About this exercise » Reproduce only what runs from the line containing "Buy cheap 15000rpm-25000rpm" to the line containing "FC2-PPV-470149" in the records below, inclusive. Keep it exact, and keep the pictures out.

Exercise input »
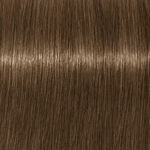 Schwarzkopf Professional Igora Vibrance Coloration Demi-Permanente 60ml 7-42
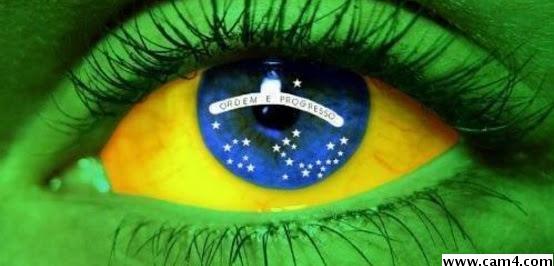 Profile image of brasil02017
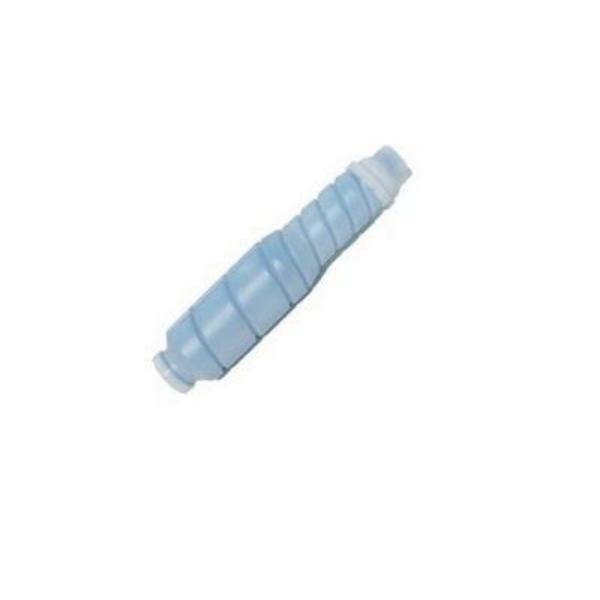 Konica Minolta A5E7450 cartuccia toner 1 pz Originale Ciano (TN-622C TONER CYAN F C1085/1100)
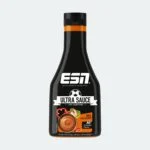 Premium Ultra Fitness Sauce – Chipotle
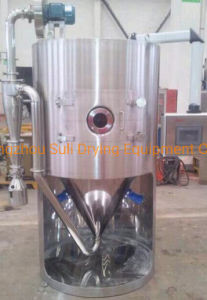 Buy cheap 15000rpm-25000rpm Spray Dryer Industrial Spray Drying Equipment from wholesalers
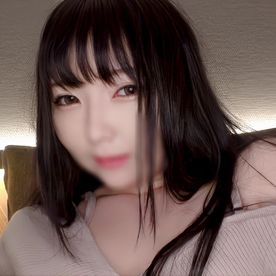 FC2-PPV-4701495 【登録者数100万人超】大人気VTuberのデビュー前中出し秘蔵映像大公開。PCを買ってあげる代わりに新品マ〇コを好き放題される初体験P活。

==

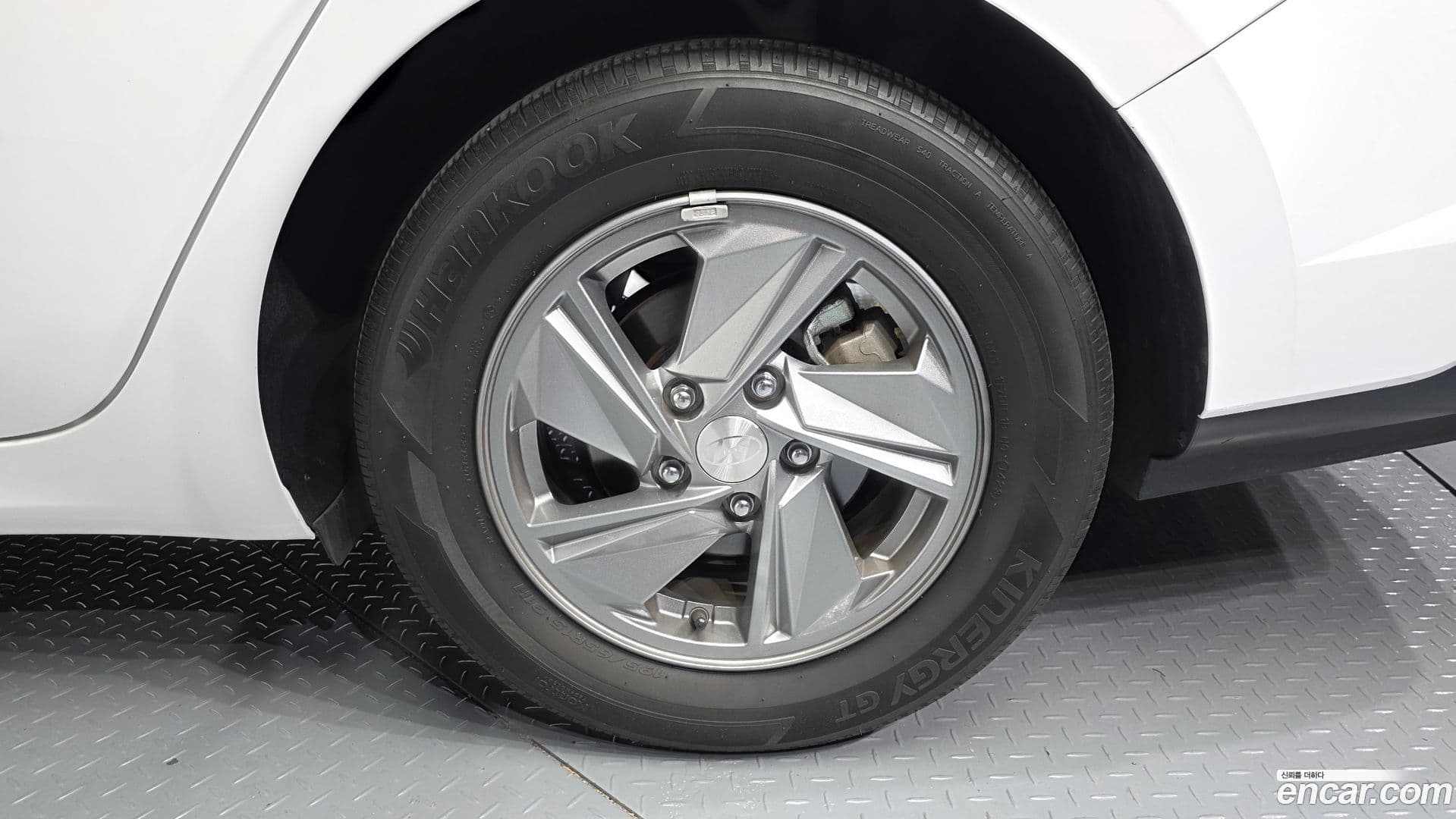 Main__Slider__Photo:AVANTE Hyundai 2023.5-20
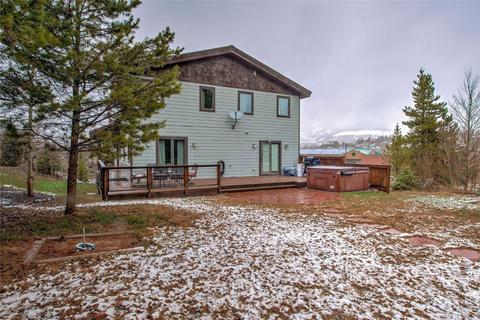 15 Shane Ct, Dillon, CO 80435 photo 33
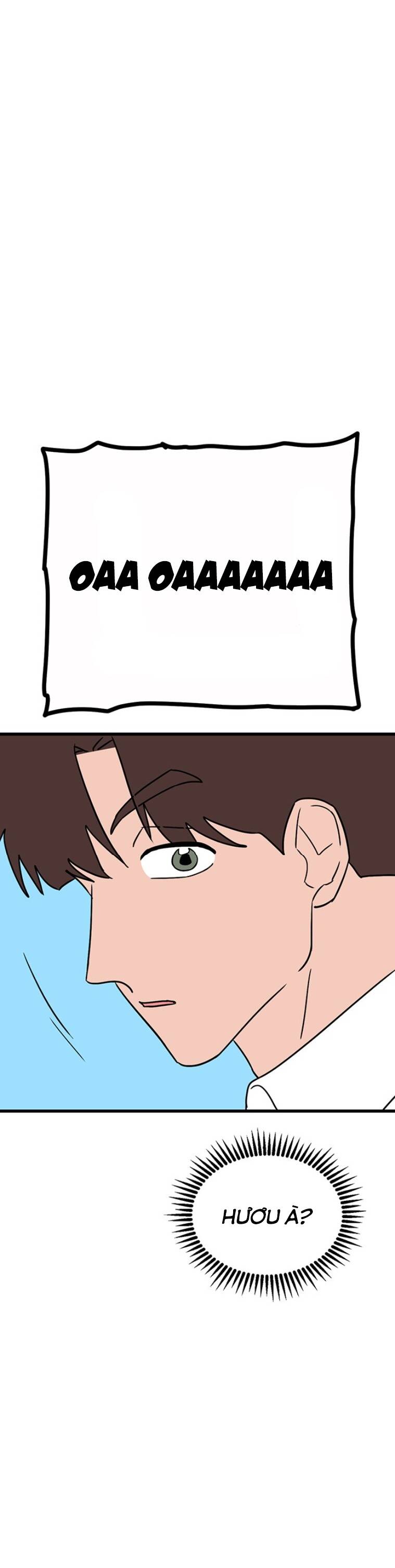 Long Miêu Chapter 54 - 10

Solution to this task »
 Buy cheap 15000rpm-25000rpm Spray Dryer Industrial Spray Drying Equipment from wholesalers
 FC2-PPV-4701495 【登録者数100万人超】大人気VTuberのデビュー前中出し秘蔵映像大公開。PCを買ってあげる代わりに新品マ〇コを好き放題される初体験P活。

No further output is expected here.